For those who have been crying salty tears over the new Dove Experiment that's been circulating around the interwebs, I understand your emotional response. After all, this ad features top notch production quality, a moving musical score, dramatic close-ups, and a small smorgasborg of "real women" types. Dove is renown for producing sentimentality at its finest, and with an advertising budget of around 8 million per year it's no wonder they generally succeed in creating moving, convincing ads. I was feeling sentimental too until I read this article, and was reminded that the same company who owns Dove also owns Axe body spray.
Yes, that's right. Axe. The company which suggests in no uncertain terms that if you use their product, random women will hump vegetables in supermarkets:
They also suggest that billions of blond, latina, and asian women will literally come running, scantily clad, to you:
Lastly, they want to assure you that imagining women in their underwear walking down the street is totally normal bro:
Now Unilever I understand that these are separate campaigns aimed at separate audiences but it's the same audience (women) who is hearing both messages from the same messenger. And how are we expected to splice these messages in a way that makes us feel like supporting the company which is selling both products? Are we supposed to think that this woman humping vegetables should be proud of herself for committing such a self-demeaning act because other people still think she looks pretty while doing it? And regarding those billions of women who come running like wild animals, they look a little underfed and model-like, not like the "real women" featured in the Dove ads. And hey, why no dark skinned ladies? Were they not "pretty enough" to be a part of the billions of uniform, indistinguishable women? And as for the last video: how are we expected to feel secure about our physical appearance when you're saying it's okay for men to imagine women in their underwear in public, which is not only creepy but smacks of rape culture?

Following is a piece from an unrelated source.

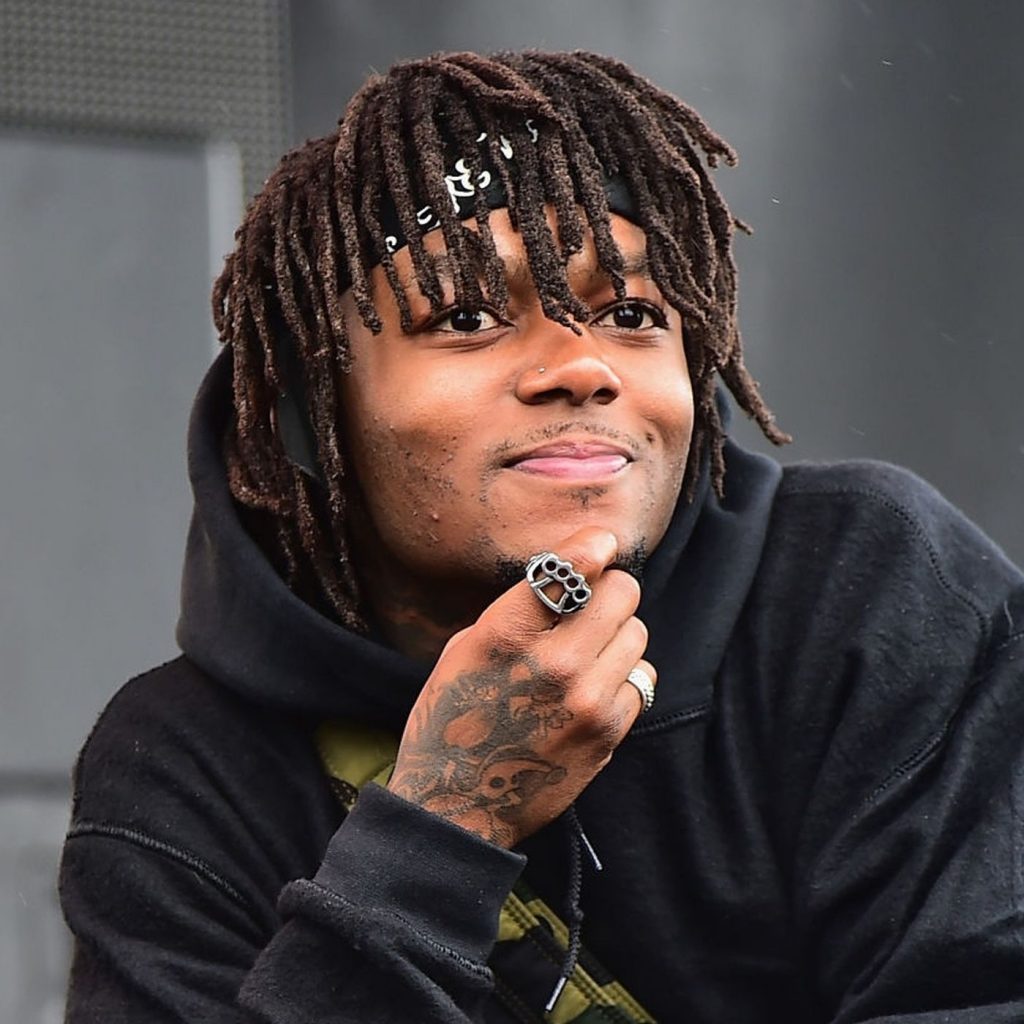 
            Image of Atlanta rapper JID smiling wearing a black bandana and hoodie with his tattooed hand on his chin.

Clearly there are some mixed messages going on here. My solution? Just create one ad which marries the new Dove campaign to their Axe counterparts and cut down on the confusion and production costs. Imagine It This Way: You could have the forensic scientist, preferably a white male in his early 30s or late 20s, trying to sketch this really attractive skinny woman, but he keeps envisioning her wearing only her panties and it's distracting. Suddenly, she rips off her clothes and starts humping the white chair. Just then, an indistinguishable hoard of underfed, light-skinned women rush in and start chasing him around. These women are also wearing nothing but panties, and begin humping the furniture, the sketch pads, maybe even those cute white curtains, frantically trying to get his attention to the point where he can't concentrate on his "art" and, collapsing, is crushed by a sweaty pile of panting and gyrating naked women. There, ladies, are you still tearing up?